Welfare

Moda: nasce l’etichetta contro il lavoro minorile

Nasce in Nuova Zelanda l’etichetta etica che garantisce quali sono i marchi che non utilizzano manodopera minorile. Eppure, secondo l’ Organizzazione Internazionale del Lavoro, questo non è abbastanza

di Ottavia Spaggiari

Sono 168 milioni i bambini vittime del lavoro minorile, un vero e proprio cappio che ruba l’infanzia e impedisce a tutti loro di raggiungere il proprio potenziale, di costruirsi una vita dignitosa e lo sviluppo fisico e mentale.

Una piaga tentacolare che colpisce minori in tutto il mondo e in tutti gli ambiti della catena di produzione, dalle coltivazioni di cotone in Uzbekistan, ai mulini in India, alle concerie, alle fabbriche in Bangladesh e che, in un’economia globalizzata è difficilissimo combattere. Fortunatamente però, c’è chi non si da per vinto, come Child Labor Free, una fondazione neozelandese che ha introdotto un sistema di etichette che punta a certificare gli abiti prodotti senza l’utilizzo di manodopera infantile.

I marchi che vogliono la certificazione, devono dare informazioni sulla manifattura dei capi, i materiali utilizzati, i fornitori e, alla fine, dare prove evidenti che, durante tutta la catena di produzione non vengono coinvolti minori. Il materiale è poi esaminato dalla società di consulenza Ernst & Young, che può anche raccomandare delle ispezioni sul campo a sorpresa, dove ritenuto necessario.

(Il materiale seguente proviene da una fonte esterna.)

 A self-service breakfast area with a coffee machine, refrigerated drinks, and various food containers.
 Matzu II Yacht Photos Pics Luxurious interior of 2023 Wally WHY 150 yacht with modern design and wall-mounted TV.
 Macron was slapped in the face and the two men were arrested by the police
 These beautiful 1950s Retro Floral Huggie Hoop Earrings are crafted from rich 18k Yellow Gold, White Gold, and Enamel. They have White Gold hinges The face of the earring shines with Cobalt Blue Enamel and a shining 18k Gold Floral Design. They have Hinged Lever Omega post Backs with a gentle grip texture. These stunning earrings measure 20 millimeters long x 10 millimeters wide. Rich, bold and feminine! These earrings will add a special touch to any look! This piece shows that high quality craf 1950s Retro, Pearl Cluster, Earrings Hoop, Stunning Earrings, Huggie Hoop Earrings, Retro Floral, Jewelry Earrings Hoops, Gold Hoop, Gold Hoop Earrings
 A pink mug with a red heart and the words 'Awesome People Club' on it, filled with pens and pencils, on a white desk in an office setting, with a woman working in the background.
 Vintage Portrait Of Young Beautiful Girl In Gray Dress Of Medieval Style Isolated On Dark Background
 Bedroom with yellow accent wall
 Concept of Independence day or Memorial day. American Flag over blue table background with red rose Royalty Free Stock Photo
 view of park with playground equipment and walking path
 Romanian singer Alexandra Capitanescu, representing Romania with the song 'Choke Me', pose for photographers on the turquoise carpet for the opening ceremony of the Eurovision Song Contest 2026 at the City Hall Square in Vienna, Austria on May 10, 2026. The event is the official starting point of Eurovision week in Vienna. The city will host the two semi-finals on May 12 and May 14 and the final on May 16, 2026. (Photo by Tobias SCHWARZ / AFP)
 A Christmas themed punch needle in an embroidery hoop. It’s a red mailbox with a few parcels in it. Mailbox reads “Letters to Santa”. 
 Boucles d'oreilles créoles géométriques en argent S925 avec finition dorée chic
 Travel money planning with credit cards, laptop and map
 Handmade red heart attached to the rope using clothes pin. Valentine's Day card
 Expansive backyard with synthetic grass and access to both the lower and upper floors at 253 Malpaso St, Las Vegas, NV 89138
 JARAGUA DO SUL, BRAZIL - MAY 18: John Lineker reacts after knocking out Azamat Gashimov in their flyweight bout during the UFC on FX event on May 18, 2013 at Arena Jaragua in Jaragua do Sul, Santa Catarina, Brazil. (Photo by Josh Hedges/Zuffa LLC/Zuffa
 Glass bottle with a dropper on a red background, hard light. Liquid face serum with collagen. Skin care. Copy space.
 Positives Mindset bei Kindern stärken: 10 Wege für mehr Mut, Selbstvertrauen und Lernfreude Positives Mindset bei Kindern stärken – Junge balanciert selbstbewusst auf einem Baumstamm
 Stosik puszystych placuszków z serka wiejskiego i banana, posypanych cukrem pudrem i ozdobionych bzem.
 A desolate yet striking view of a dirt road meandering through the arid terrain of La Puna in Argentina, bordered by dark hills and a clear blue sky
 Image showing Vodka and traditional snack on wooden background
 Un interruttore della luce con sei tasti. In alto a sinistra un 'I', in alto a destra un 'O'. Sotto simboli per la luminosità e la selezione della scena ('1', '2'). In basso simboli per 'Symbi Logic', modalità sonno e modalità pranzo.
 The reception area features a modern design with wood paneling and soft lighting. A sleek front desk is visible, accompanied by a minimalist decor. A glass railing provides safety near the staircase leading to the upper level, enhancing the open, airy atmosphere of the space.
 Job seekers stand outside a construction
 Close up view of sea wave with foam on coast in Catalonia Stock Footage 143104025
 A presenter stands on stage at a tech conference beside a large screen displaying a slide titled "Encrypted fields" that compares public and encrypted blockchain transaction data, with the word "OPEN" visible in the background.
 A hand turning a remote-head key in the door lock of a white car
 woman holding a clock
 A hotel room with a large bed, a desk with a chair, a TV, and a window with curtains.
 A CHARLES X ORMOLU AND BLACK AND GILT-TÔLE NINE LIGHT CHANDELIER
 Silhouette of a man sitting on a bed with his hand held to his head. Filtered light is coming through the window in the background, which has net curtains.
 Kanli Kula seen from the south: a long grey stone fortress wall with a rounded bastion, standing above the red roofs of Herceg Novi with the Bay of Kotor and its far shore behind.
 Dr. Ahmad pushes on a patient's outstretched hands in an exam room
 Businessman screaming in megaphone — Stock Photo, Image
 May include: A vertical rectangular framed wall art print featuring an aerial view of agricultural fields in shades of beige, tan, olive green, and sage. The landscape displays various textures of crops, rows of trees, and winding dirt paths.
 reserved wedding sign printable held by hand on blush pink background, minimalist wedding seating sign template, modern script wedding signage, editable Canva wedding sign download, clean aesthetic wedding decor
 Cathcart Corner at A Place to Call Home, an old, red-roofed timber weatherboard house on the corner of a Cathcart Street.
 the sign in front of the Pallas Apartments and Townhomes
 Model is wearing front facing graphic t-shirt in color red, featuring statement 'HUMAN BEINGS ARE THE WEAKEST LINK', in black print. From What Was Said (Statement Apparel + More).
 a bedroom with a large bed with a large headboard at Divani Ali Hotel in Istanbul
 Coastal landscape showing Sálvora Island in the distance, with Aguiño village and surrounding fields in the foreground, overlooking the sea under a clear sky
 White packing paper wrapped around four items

L’etichetta per ora è in fase pilota con 5 marchi neozelandesi che hanno fatto richiesta della certificazione. “Abbiamo iniziato a chiederci da dove venivano questi prodotti, come sono stati creati, chi le ha fatte e non siamo riusciti a trovare una risposta a questa domanda…volevamo creare uno strumento per i consumatori e i marchi per assicurare un dialogo trasparente e dei risultati migliori per i bambini.”

Eppure c’è chi rimane scettico sull’efficacia delle ispezioni, come Simon Steyne del Programma Internazionale per l’Eliminazione del Lavoro Minorile dell’Organizzazione Internazionale del Lavoro: “Il modo migliore per offrire garanzie contro il lavoro minorile è una presenza di sindacati indipendenti sul luogo di lavoro e un contratto collettivo.

Secondo il Guardian, nel 2011, il business delle ispezioni etiche ammontava a 80 milioni di dollari all’anno e non è comunque riuscito a impedire la tragedia del Rana Plaza o dell’Ali Enterprises a Karachi, in Pakistan, che prima di essere colpito dall’incendio del 2012 dove sono morte 254 persone e altre 55 sono rimaste ferite aveva ottenuto il certificato SA8000 dalla Social Accountability International.